I much prefer something like this:

words <- c('Hello','world!')
paste(words)
## "Hello"  "world!"

This is why I like knitr as opposed to Sweave on which it is based; knitr seems to be more flexible in suppressing the leading > in input commands, and putting comments (##) in front of the outputs.

However, knitr has an annoying drawback that Sweave doesn't when it comes to typesetting code: a single quote mark/apostrophe ' in Sweave will stay as such in the output; in knitr, it will be converted to a left or right single quote.

By default, LaTeX will change "straight" single quotes ' into left and right single quotes that are curled depending on whether the quote is open or closed.

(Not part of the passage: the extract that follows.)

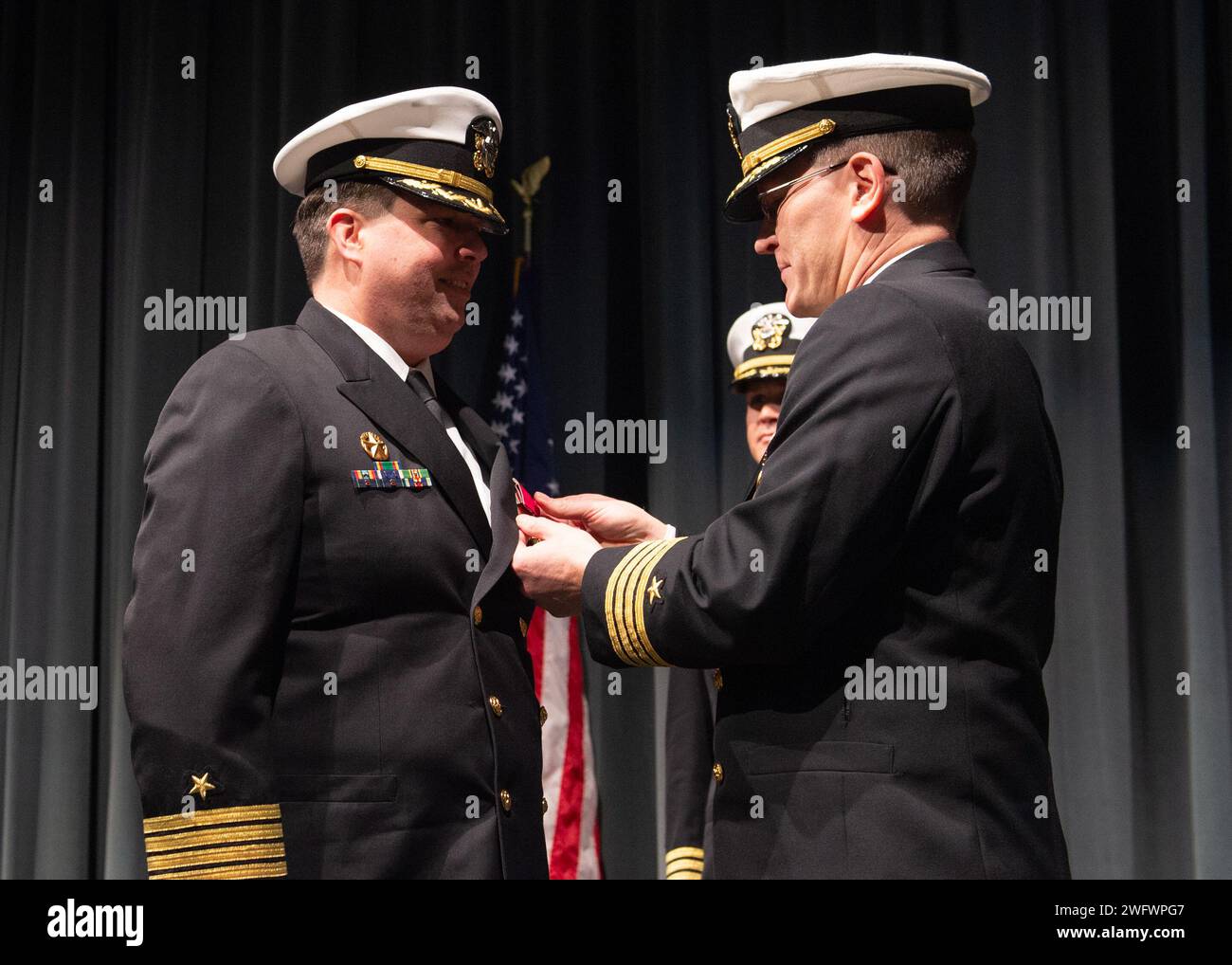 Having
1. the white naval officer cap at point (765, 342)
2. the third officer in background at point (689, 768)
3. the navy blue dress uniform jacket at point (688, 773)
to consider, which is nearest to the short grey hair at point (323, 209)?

If you try and copy-paste these into a terminal you will run into trouble, and R will complain about "unexpected input in "??"", where the "??" may be a funny looking symbol (depending on your terminal) that basically means "I don't understand this fancy symbol you gave me!"

Now, Sweave has some way of dealing with this. It converts all of these funky quotes into normal straight quotes that can be safely copy-pasted into R. Knitr doesn't.

weird curly quotes in knitr

How to fix this? Well, there is a LaTeX package upquote that converts all single quotes that occur in a verbatim environment (or \verb commands) from left/right single quotes into straight single quotes.

It uses the textcomp package to access the command \textquotesingle which is the straight single quote (it also does backticks via \textasciigrave). The upquote package basically says "if you encounter a quote in a verb-like environment, make sure it's \textquotesingle!".

So how does this tie into getting straight quotes in Sweave/knitr? Easy: add \usepackage{upquote} and a fairly arcane command to your preamble:

\documentclass{article}
\usepackage{upquote} % to convert funny quotes to straight quotes
\setbox\hlnormalsizeboxsinglequote=\hbox{\normalsize\verb.'.}%
\begin{document}
<<eval=TRUE,echo=TRUE,tidy=FALSE>>=
    words <- c('Hello','world!')
@
\end{document}

Now you can just run knitr on this and then pdflatex, and voila! Straight quotes.

straight quotes in knitr!

How does this work?

For the more TeX-inclined among you, this is why it works.

First of all, when knitr process a Rnw file (and makes a tex file as an output), it defines a whole bunch of individual characters and uses them in the output. Have a look at the preamble of a knitted document and you will see a whole bunch of:


\newsavebox{\hlnormalsizeboxclosebrace}%
\newsavebox{\hlnormalsizeboxopenbrace}%
....
\setbox\hlnormalsizeboxopenbrace=\hbox{\begin{normalsize}\verb.{.\end{normalsize}}%
\setbox\hlnormalsizeboxclosebrace=\hbox{\begin{normalsize}\verb.}.\end{normalsize}}%

There are lots and lots of these definitions. There appears to be one for each punctuation character and text size.

In particular there is one for the single quote mark, called \hlnormalsizeboxsinglequote. Every single time you have a single quote in a code chunk, knitr replaces this single quote with \usebox{\hlnormalsizeboxsinglequote}. Every single time you use any punctuation character at all within a code chunk, knitr will replace it with the relevant \hlnormalsize[charactername]. It's bizarre, and leads to very ugly code!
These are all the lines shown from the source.